__PROBLEM TO SOLVE__
The records below hold a stretch from the line with "MM6 Maison Margiela" through the line with "Rainbow - Long Live RNR Rainbow T-Shirt"; return exactly those lines, ends included, and nothing more.

__RECORDS PROVIDED__
* * * * * * * * *

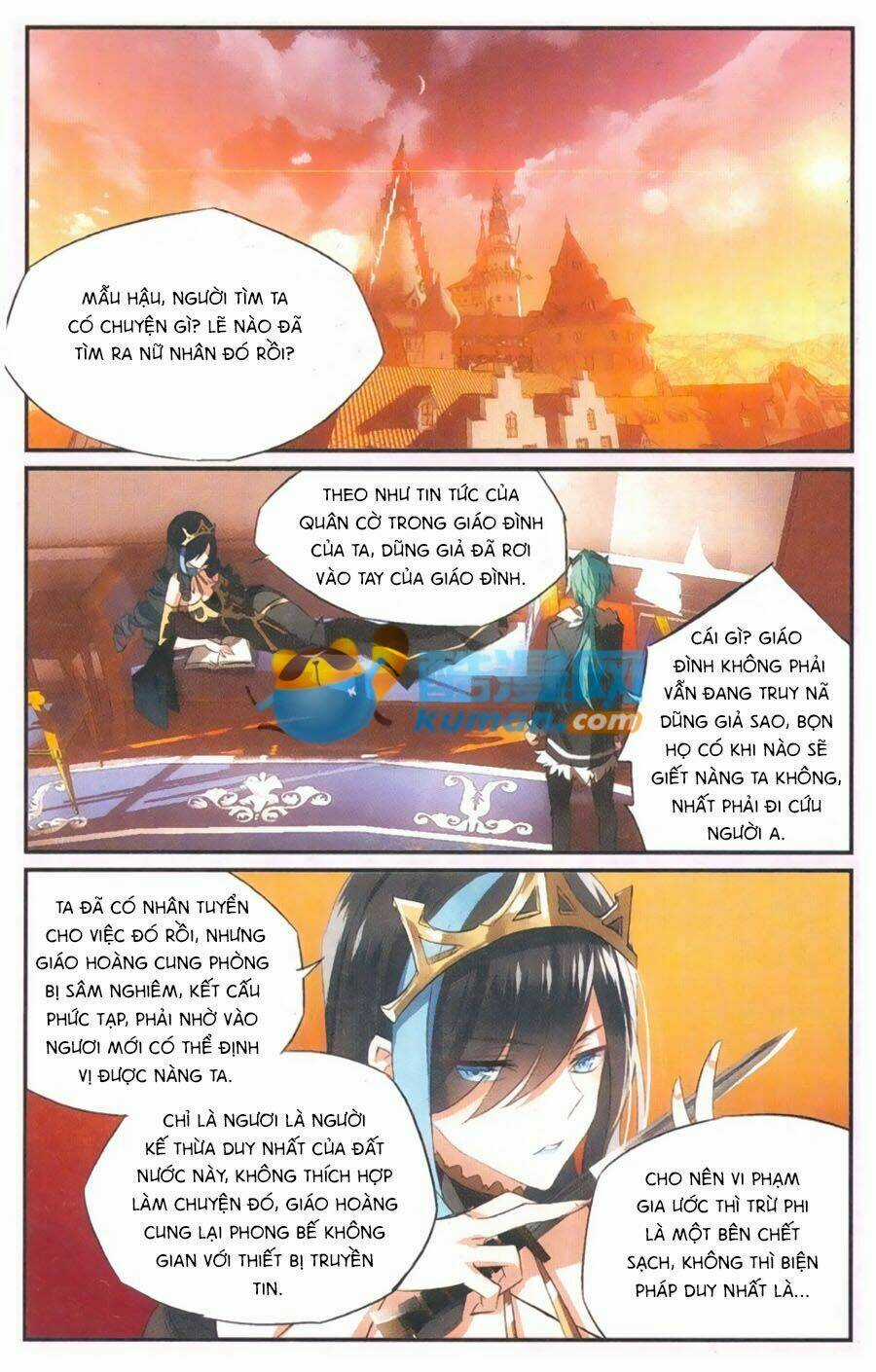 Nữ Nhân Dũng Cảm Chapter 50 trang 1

* * * * * * * * *

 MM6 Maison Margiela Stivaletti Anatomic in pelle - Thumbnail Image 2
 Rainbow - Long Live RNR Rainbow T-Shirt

* * * * * * * * *

__EXERCISE SOLUTION__
 MM6 Maison Margiela Stivaletti Anatomic in pelle - Thumbnail Image 2
 Rainbow - Long Live RNR Rainbow T-Shirt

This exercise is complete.